As pessoas que foram regeneradas na fé e no amor pelo batismo receberam as potencialidades e a vocação a viver como homens e mulheres “partícipes da vida do Ressuscitado”, partilhando a mesma energia divina de Cristo no Espírito (cf. Ef 2, 4-8; Cl 3, 1-4: 5-11).
As celebrações do Tríduo são particularmente ricas de gestos, movimentos, Palavra proclamada e comentada, cantos, silêncios. Tudo converge para nos aproximarmos com coração aberto e íntima devoção ao mistério da morte e da ressurreição de Cristo e da nossa participação a ele, por graça. O que mais nos surpreende é descobrir, mais uma vez, o amor gratuito com que Deus nos amou, e fica nos amando, até doar seu próprio Filho por nós e nele doar-nos sua própria vida: “para que todo o que nele crê não pereça, mas tenha a vida eterna” (Jo 3, 16), como nos lembra o evangelista. Surpreendidos ainda mais pelo feito que “não fomos nós que amamos a Deus, mas foi ele quem nos amou e enviou-nos seu Filho como vítima de expiação pelos nossos pecados” (1 Jo 4, 10).
O extremo esvaziamento do Verbo encarnado, na morte de cruz e no silêncio do sepulcro, abre o caminho para uma nova história, em prol de cada um e do mundo inteiro. “Batizados em Cristo Jesus, é na sua morte que fomos batizados. Portanto pelo batismo nós fomos sepultados com ele na morte, para que, como Cristo foi ressuscitado dentre os mortos pela glória do Pai, assim também nós vivamos vida nova” (Rm 6, 3-4).
Celebramos em maneira indivisível a Páscoa pessoal de Jesus e a Páscoa de seu corpo vivo que é a Igreja e cada um de nós, a caminho na esperança da renovação plena e definitiva.
Os três dias do Tríduo sagrado constituem a trama articulada e unitária do único e mesmo mistério pascal de Jesus e da Igreja. Cada dia, com a especificidade da sua linguagem ritual, põe a tônica sobre uma etapa ou aspecto do caminho pascal de Jesus. A forma narrativa dos acontecimentos destaca que a ação de Deus em Jesus se insere na realidade humana com suas aberturas e resistências, até a dramática recusa do seu amor. Mas o amor de Deus não se deixa vencer pelo mal e o pecado: “Antes da festa da páscoa, sabendo Jesus que chegara a sua hora de passar deste mundo para o Pai, tendo amado os seus que estavam no mundo, amou-os até o fim” (Jo 13, 1).

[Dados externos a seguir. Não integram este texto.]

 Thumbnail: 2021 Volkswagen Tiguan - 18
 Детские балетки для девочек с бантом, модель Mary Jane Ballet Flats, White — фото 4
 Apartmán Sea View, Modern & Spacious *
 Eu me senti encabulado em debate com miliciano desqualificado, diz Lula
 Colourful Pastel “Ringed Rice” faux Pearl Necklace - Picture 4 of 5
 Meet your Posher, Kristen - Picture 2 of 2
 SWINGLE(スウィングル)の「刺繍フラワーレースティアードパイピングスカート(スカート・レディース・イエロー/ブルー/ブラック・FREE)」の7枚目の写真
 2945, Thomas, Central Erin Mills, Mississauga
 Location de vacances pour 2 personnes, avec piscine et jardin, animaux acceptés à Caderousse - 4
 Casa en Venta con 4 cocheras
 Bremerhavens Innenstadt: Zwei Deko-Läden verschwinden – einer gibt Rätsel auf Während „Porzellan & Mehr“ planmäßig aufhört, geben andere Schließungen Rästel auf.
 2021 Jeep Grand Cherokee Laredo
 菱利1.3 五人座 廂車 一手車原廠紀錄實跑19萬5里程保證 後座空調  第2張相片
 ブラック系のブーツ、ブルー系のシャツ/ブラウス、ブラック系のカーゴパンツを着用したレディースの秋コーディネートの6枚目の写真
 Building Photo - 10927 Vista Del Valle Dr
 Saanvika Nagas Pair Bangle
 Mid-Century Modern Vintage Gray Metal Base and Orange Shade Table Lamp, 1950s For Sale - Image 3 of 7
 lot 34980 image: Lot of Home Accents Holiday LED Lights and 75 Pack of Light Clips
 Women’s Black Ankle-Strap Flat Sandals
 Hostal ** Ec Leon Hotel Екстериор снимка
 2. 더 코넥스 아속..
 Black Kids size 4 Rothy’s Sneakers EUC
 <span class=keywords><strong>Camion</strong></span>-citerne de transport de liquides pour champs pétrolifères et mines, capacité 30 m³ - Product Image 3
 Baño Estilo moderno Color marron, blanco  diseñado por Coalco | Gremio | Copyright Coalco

Cada um dos três dias nos proporciona a oportunidade de nos mergulharmos em diferentes aspectos do mistério pascal. Por enquanto, achei mais conveniente oferecer ao início algumas sugestões de caráter geral. Talvez elas possam ajudar a colocar e viver cada celebração na visão unitária do mistério pascal, assim como a Igreja o contempla e no-lo transmite através das celebrações. De cada dia irei destacar um ou outro elemento, útil para evidenciar a continuidade interior do Tríduo.
A Quinta-feira santa: “Jesus... tendo amado os seus que estavam no mundo, amou-os até o fim”
A missa do Crisma, presidida na manhã pelo bispo em sua catedral, com a participação do clero e do povo, encerra a quaresma e prepara os Óleos santos finalizados à celebração da iniciação cristã - especialmente durante a grande vigília pascal - e a da unção dos enfermos. Os textos bíblicos (Is 61, 1-9; Ap 1,5-8; Lc 4, 16-21), assim como as orações e o magnífico prefácio, destacam o sacerdócio de Jesus e a participação do povo cristão ao sacerdócio dele no Espírito Santo, em força do batismo. É o coração do dom da páscoa e da vida nova de todo o povo de Deus.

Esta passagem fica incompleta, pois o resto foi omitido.